Like many others in the investing world trying to parse out the negotiations in Washington, Davidson does not expect a full-scale tumble over the cliff.
Instead, legislators are likely to hammer out an agreement that continues lower tax rates for middle and lower earners, patches up the Alternative Minimum Tax and increases taxes on investments but at a lower rate than the onerous levels prescribed by a full-scale cliff situation. (Read More: Buffett Expects 'Fiscal Cliff' Fix, but Not by December 31)
Still, Davidson thinks it's time for investors to take some cover in other assets. He suggests a mix of real estate investment trusts along with corporate, municipal and emerging market bonds.
"Investors have been happy to do dividends. The S&P 500 has a higher dividend yield than U.S. Treasurys for the first time since the 1950s," he said. "It's a good place for people to go for income. Against this backdrop of an income cliff, investors shouldn't be abandoning dividend-paying stocks, but they need to be diversified among other income-producing investments as well."
Dividends had been doing well through the early part of 2012, but the space has become increasingly volatile as the cliff negotiations intensified.
A chart of the Vanguard Dividend Appreciation exchange-traded fund can be traced in close unison with the progress of the talks, reflecting investor unease over the "income cliff."
"Markets just hate the uncertainty," said Nadav Baum, executive vice president at BPU Investment Management. "That's why you're seeing these names sell off."

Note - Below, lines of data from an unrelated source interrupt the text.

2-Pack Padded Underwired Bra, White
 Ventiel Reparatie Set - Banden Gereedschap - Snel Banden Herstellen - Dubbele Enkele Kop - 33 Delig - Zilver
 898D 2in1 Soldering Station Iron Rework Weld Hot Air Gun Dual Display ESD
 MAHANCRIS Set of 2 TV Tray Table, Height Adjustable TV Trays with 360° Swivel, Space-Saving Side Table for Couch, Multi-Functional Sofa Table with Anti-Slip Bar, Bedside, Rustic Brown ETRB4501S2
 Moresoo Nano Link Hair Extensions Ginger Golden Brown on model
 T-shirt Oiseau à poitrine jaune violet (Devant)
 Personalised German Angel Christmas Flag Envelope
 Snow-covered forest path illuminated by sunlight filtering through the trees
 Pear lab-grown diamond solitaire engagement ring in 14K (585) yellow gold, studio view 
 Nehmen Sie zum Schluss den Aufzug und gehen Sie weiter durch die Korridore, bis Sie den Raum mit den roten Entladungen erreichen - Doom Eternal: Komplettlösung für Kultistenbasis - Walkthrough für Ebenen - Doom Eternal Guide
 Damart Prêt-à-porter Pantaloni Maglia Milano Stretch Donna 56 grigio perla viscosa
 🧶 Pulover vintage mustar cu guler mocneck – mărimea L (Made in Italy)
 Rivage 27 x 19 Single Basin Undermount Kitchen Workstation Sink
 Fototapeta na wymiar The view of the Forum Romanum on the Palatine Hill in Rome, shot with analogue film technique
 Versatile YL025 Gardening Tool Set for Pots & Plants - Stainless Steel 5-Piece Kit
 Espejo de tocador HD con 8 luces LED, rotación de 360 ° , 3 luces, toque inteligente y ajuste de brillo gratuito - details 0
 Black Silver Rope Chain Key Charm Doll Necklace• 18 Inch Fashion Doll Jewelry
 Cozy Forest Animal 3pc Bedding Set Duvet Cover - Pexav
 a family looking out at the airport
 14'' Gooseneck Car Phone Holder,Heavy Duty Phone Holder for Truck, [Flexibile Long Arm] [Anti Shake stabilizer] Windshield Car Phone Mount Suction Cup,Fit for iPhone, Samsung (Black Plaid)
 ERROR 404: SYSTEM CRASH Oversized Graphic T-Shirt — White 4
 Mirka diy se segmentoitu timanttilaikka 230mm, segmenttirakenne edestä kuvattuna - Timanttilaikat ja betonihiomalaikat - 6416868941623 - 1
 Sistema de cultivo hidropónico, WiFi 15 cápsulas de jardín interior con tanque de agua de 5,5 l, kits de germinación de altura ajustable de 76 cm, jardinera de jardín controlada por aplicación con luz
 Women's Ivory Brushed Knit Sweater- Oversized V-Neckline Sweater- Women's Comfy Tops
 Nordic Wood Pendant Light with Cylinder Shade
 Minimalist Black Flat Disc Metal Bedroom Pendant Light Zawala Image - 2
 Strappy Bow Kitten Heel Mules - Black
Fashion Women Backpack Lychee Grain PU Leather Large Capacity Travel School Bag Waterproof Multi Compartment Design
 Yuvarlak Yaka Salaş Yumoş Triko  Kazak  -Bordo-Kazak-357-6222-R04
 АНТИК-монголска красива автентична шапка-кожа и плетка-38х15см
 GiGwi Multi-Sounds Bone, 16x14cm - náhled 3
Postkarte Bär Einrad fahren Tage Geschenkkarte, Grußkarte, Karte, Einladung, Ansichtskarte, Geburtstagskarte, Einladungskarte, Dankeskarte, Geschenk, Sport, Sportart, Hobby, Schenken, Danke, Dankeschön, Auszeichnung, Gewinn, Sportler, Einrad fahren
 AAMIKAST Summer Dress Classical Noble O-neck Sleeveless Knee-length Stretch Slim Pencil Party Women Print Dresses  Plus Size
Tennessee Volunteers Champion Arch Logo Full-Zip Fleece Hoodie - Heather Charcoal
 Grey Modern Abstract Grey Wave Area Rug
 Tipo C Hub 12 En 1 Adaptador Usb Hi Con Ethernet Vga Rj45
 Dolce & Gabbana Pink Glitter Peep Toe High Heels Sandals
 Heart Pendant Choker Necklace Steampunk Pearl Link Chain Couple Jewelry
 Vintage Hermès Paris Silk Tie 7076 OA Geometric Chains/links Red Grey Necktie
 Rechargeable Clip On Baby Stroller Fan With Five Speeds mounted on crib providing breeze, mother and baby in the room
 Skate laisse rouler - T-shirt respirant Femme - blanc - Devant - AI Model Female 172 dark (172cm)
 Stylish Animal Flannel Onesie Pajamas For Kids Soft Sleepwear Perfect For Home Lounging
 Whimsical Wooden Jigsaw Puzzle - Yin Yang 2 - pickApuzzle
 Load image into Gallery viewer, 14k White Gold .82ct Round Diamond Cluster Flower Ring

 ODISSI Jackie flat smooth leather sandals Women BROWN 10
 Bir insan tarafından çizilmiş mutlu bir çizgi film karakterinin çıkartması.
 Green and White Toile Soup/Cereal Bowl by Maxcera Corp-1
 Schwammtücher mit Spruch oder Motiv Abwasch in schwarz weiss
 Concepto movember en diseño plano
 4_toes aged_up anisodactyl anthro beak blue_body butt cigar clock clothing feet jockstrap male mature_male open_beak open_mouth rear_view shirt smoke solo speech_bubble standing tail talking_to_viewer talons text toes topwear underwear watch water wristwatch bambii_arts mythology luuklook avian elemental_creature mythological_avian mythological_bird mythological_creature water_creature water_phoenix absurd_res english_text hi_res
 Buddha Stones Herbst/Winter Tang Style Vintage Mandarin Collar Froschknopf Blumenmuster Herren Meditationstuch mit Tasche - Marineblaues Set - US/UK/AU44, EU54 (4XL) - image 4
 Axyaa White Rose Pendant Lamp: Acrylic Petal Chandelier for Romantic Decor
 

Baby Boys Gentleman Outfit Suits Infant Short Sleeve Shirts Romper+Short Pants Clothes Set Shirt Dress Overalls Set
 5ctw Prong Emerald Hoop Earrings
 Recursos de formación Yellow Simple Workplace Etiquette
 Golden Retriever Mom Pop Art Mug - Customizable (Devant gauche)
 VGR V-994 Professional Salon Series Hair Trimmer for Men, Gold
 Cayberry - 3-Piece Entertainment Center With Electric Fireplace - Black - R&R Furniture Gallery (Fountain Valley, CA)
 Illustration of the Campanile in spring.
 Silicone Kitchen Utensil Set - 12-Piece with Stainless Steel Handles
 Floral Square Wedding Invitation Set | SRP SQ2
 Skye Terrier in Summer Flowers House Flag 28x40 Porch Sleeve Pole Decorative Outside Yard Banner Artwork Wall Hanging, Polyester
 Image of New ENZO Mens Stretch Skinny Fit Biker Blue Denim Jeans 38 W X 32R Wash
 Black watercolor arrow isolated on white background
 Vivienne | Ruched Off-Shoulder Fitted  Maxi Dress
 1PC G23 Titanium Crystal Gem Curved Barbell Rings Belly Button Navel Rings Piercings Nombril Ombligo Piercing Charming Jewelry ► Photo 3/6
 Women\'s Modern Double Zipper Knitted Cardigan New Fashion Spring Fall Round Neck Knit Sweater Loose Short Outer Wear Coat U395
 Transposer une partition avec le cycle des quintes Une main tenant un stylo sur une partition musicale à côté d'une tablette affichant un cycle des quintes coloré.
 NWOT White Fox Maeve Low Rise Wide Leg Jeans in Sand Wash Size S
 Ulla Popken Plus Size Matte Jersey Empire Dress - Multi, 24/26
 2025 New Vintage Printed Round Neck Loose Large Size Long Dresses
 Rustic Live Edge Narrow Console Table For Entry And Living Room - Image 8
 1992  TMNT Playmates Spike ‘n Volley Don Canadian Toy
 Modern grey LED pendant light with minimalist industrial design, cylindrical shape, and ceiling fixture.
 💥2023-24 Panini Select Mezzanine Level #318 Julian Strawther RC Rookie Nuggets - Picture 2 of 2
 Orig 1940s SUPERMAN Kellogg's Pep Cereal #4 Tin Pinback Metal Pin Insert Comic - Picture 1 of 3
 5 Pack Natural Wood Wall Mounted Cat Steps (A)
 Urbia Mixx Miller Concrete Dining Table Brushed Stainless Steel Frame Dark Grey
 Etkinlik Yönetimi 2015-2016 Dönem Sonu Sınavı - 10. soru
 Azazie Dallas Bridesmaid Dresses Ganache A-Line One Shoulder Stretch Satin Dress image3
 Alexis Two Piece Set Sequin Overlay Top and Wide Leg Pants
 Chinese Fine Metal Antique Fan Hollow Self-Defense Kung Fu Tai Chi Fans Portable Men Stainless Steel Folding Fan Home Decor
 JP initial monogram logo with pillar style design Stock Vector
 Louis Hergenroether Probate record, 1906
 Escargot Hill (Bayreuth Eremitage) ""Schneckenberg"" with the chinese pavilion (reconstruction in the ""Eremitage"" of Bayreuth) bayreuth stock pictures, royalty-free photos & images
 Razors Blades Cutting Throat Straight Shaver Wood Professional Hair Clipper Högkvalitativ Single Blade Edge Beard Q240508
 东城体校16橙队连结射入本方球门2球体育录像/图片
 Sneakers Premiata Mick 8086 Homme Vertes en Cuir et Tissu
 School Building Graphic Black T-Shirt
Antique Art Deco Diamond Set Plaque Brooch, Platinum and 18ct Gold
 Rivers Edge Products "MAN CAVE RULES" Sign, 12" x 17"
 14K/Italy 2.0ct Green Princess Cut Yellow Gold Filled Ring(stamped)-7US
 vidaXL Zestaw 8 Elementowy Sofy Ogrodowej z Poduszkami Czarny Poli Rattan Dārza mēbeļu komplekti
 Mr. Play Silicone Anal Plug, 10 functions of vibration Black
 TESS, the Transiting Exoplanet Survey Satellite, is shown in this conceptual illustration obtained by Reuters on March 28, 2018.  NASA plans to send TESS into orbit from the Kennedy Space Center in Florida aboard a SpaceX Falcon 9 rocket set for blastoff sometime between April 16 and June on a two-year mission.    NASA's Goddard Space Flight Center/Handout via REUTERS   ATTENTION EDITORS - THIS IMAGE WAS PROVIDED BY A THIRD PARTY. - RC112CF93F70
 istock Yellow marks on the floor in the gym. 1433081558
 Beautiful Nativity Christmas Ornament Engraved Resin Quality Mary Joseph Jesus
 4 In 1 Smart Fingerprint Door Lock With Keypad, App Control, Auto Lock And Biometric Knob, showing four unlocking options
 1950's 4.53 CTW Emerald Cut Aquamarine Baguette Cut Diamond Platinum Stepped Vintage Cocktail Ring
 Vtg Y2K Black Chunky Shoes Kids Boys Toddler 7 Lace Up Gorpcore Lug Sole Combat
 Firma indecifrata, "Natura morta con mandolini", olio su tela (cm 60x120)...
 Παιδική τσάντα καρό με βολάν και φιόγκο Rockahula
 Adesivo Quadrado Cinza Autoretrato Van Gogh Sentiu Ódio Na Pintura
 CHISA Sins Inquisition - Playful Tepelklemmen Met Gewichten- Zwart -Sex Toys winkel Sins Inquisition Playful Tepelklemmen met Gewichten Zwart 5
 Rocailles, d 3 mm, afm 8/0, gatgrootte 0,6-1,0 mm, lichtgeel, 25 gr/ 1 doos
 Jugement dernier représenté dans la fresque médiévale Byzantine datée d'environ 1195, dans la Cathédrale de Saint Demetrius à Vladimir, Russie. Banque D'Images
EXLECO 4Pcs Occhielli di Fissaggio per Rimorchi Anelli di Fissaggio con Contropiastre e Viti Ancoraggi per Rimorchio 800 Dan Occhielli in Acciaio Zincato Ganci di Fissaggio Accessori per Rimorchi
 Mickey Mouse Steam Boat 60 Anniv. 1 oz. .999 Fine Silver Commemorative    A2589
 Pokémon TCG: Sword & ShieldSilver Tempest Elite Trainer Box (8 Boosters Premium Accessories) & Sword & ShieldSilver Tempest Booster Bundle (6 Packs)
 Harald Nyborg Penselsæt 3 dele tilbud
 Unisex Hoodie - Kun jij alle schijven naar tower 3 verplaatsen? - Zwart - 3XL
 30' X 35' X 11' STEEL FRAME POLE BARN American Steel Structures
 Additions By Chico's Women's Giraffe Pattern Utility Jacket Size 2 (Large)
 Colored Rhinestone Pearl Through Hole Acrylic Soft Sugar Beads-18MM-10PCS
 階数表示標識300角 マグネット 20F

The dividend issue is especially ticklish because it affects investors who own high-end stocks like the ones that comprise the Dow Jones industrial average.
Dividends get special tax treatment because they come from corporate profits that already have been taxed.
For seniors living off their dividend income, they don't get a direct hit if their dividend stocks are confined to Individual Retirement Accounts, which already are taxed at ordinary income on withdrawals. The impact comes from the lowered values in the stocks if they are sold off during a "cliff"-type scare.
In an effort to assuage that uncertainty of which Baum spoke, nearly 70 companies have issued special dividend payouts before the end of the year, to get under the wire of the possible federal tax trap. (Read More: Companies Shelling Out Billions to Beat the 'Fiscal Cliff')
"We all know taxes have to go higher. Is it going to go to ordinary income? Who knows?" he said. "The reality is if you're going to be a stock market investor, no matter what the tax bracket is going to be I would prefer to own higher-paying dividend companies."
Investors remain hopeful that the impact won't be that pronounced.
In a recent analysis, Deutsche Bank encouraged the two sides in Washington to raise revenue less by increasing taxes and more by cutting loopholes and growing the base of those who pay.
"We find that the gap between the two parties over taxes in the fiscal cliff debate is not large," the firm said. "Such limits on deductions would be painful for many taxpayers that have grown dependent on them, but the pain of such a compromise would be much less than that incurred in going over the cliff."